タイトルとして冠されている「逆鱗」とは、触れてはならないものに触れて怒りを買うというような意味合いであると思うが、所以を辿ると、伝説の竜が持つ81枚の鱗の内、顎の下に1枚だけ逆さに生える鱗のことを指すのだと言う。野田秀樹はその伝承を掬い取り、物語の根幹へと忍び込ませる。

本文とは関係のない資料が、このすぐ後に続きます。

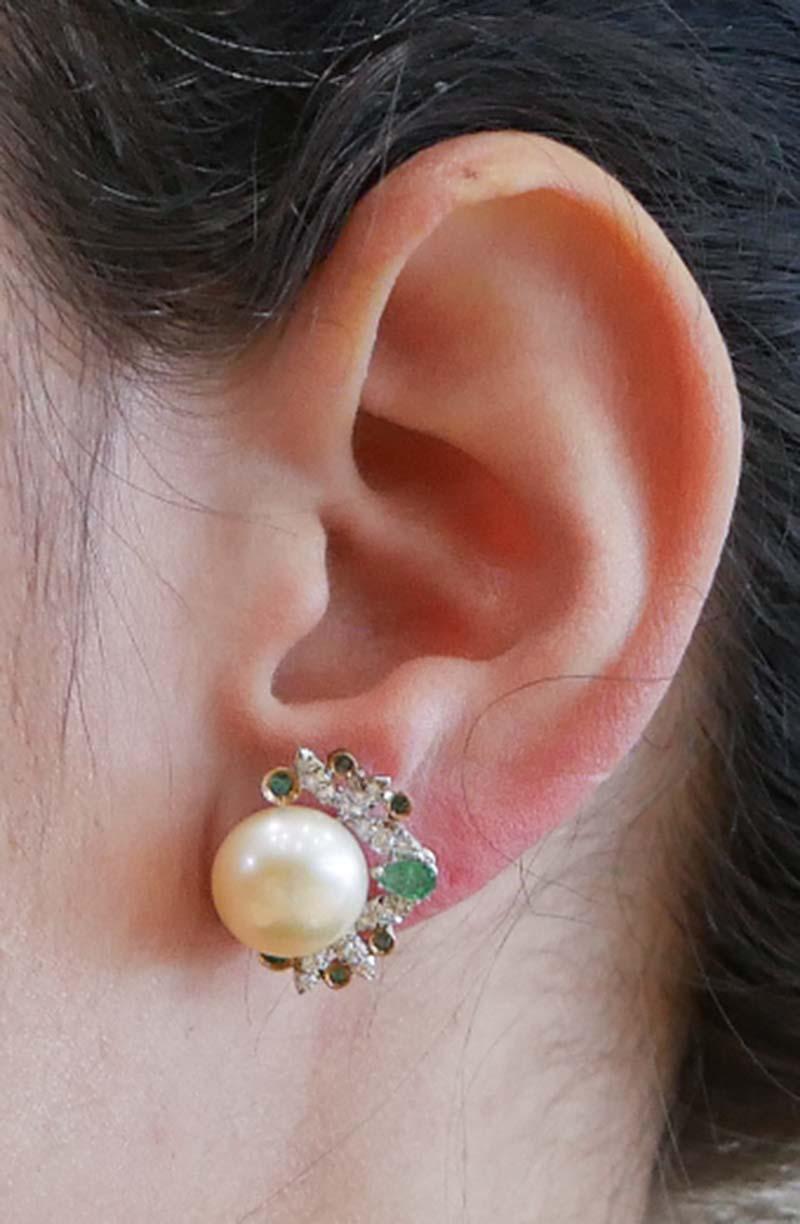 12 Mm Pearls, Emeralds, Diamonds, 14 Kt White and Rose Gold Earrings. In Good Condition For Sale In Marcianise, Marcianise (CE)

逆さまの鱗が持つ様な違和感が物語に次第に蓄積されていき、その鬱積が「怒り」へと転じていくことになるのだが、そこに至るまでのプロセスを深刻さに陥らせることなく、観客が楽しんで享受できる展開を示していく。言葉や駄洒落の韻や洒脱を手玉に取りながら身体能力の限界を突き詰めていた、かつての野田秀樹芝居の醍醐味が堪能でき嬉々とする。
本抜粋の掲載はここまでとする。